Following the conclusion that corresponding adjustments were necessary when carbon credits are used to make offsetting claims, the team also propose that the next step is to develop the administrative capacity within countries to implement corresponding adjustments. This in-country capacity includes managing the types of projects that are approved, so that host countries are not simply losing their cheapest abatement options to the voluntary offset market.

An alternative solution is for the voluntary carbon market to move away from offsets. Rather than purchasing certificates from carbon-reducing projects to claim a balancing of their own emissions, buyers could instead simply support a country in meeting its emissions reduction target, eliminating the need for a corresponding adjustment.

Building Understanding

The ‘rulebook’ for the Paris Agreement creates the ability for governments to make corresponding adjustments for the voluntary offsets, but it is up to voluntary market certification standards and the buyers of voluntary offsets to demand these are made. It is also up to governments to agree to implement them. However, it may take time for the market to mature and for stakeholders to understand the necessity of corresponding adjustments.

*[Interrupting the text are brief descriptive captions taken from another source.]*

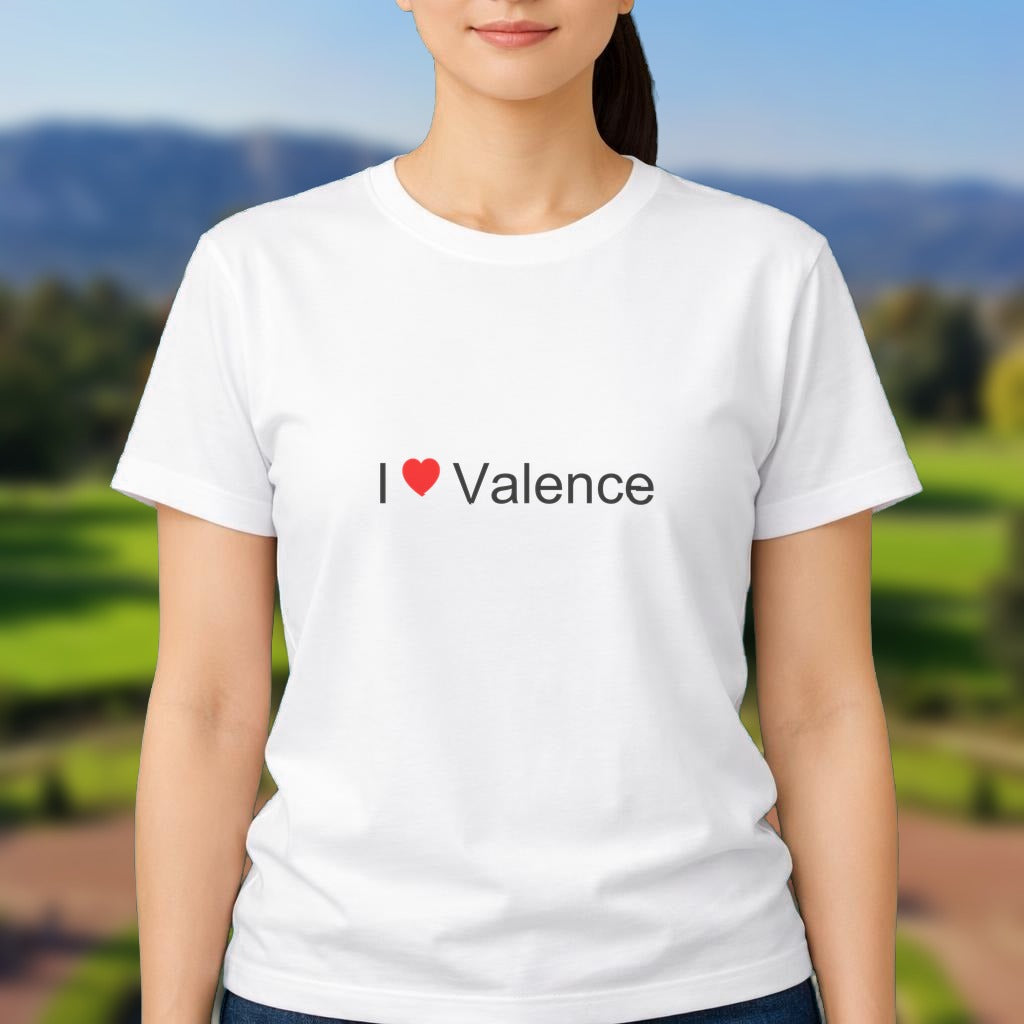 T-shirt I love Valence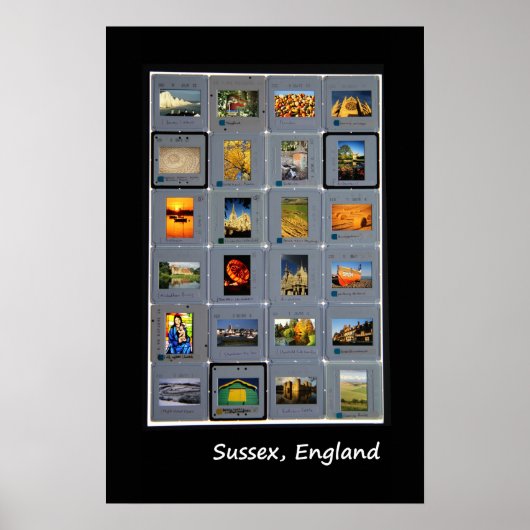 Sussex retro lightbox poster (Voorkant)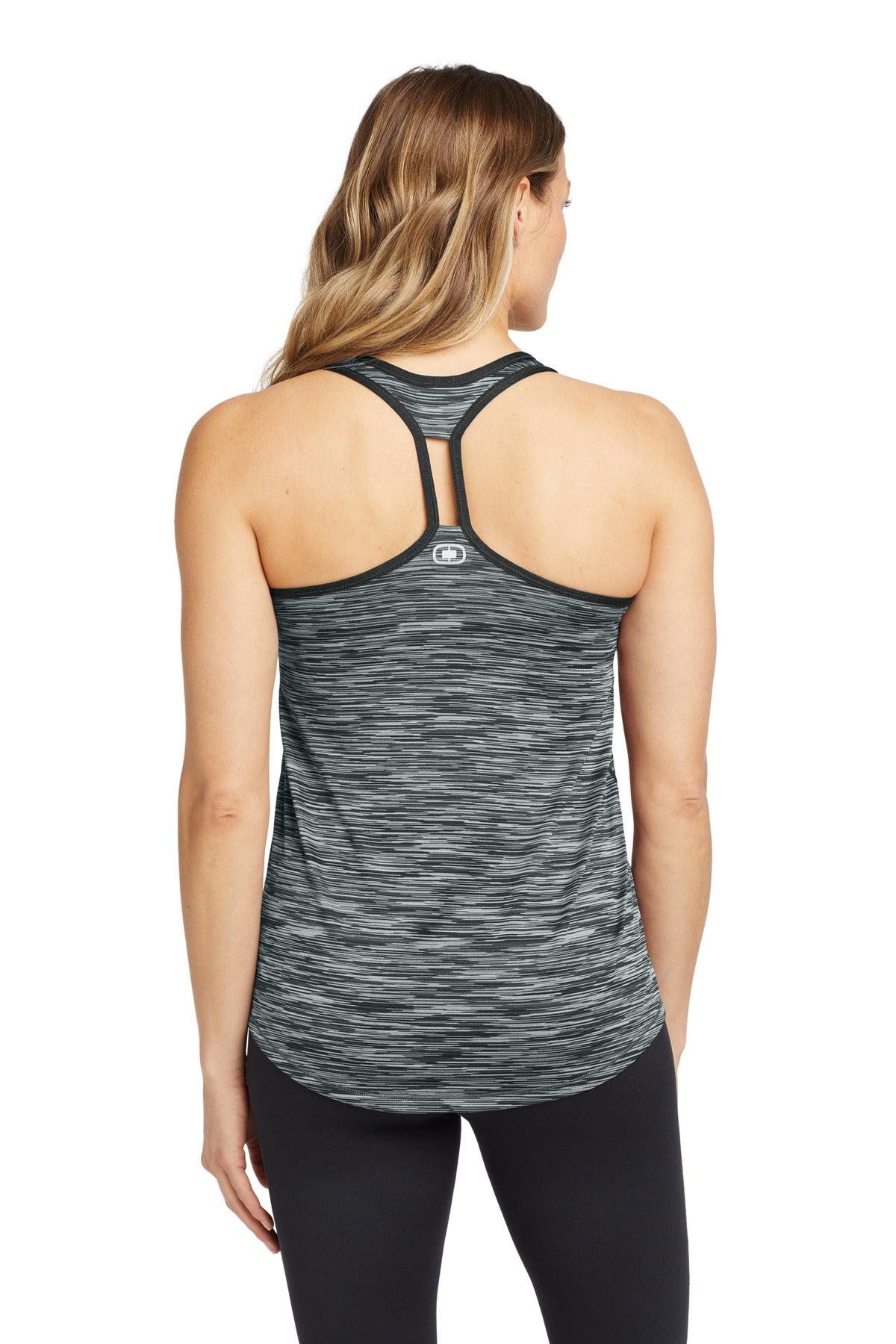 OGIO Women's Verge Racerback Tank LOE327 Blacktop Space Dye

Our collaboration with the Stockholm Environment Institute and Gold Standard focused on finding workable solutions around the contentious issue of corresponding adjustments.

While we see corresponding adjustments as necessary for the integrity of offsetting claims, we have also proposed a viable alternative that could also be implemented to address the challenge facing the voluntary market.

We are now evolving towards two voluntary carbon markets: one for supporting net-zero targets, which means offsets and corresponding adjustments, and another for supporting countries to meet their own targets.

– Dr Matthew Brander, The University of Edinburgh.